■ Data:
▬▬▬▬▬▬

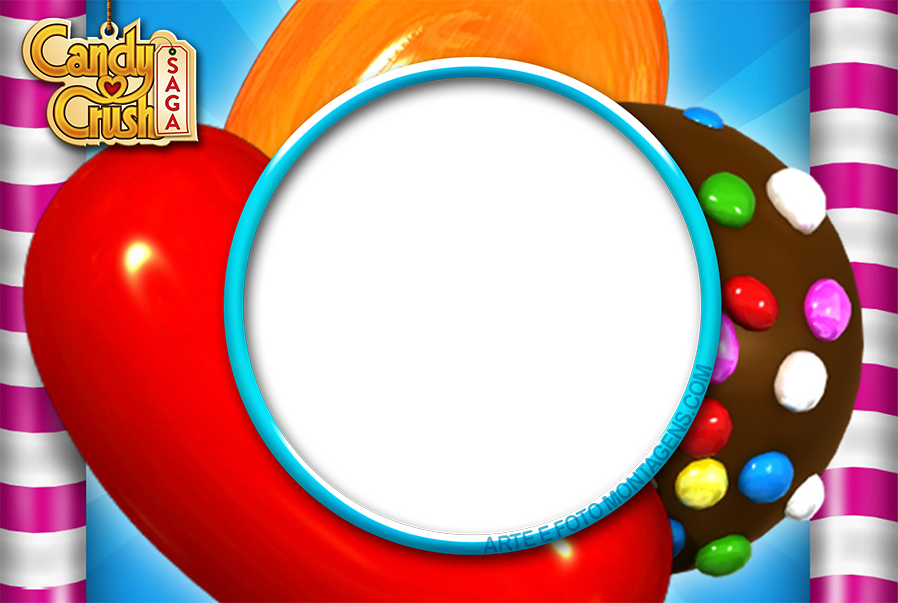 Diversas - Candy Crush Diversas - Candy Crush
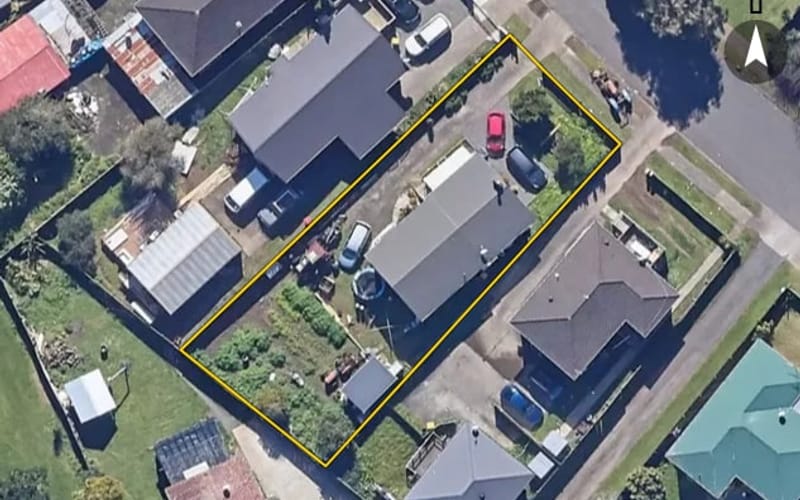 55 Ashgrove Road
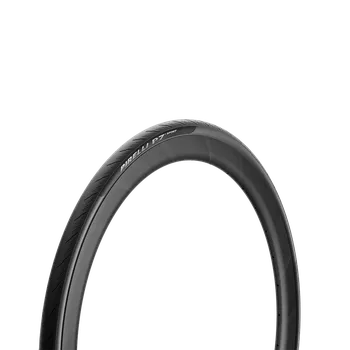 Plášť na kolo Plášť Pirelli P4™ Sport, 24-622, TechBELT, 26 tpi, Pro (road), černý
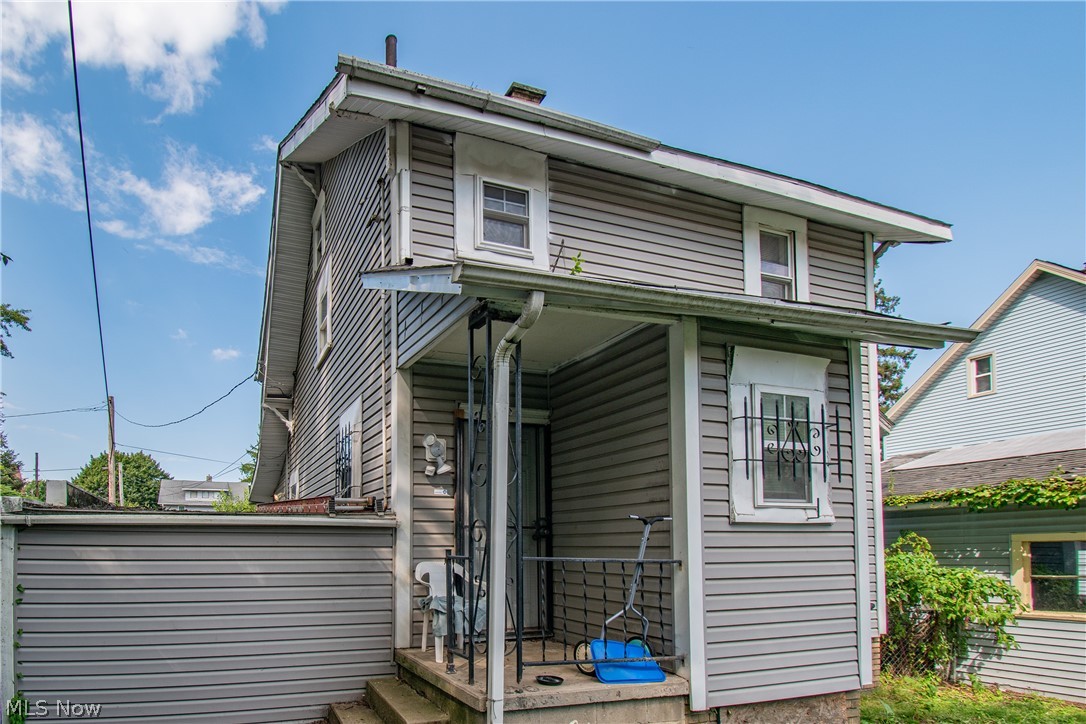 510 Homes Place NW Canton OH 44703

▬▬▬▬▬▬

■ To do:
Write the material out again word for word and omit any images.

■ Solution for this task:
 Diversas - Candy Crush Diversas - Candy Crush
 55 Ashgrove Road
 Plášť na kolo Plášť Pirelli P4™ Sport, 24-622, TechBELT, 26 tpi, Pro (road), černý
 510 Homes Place NW Canton OH 44703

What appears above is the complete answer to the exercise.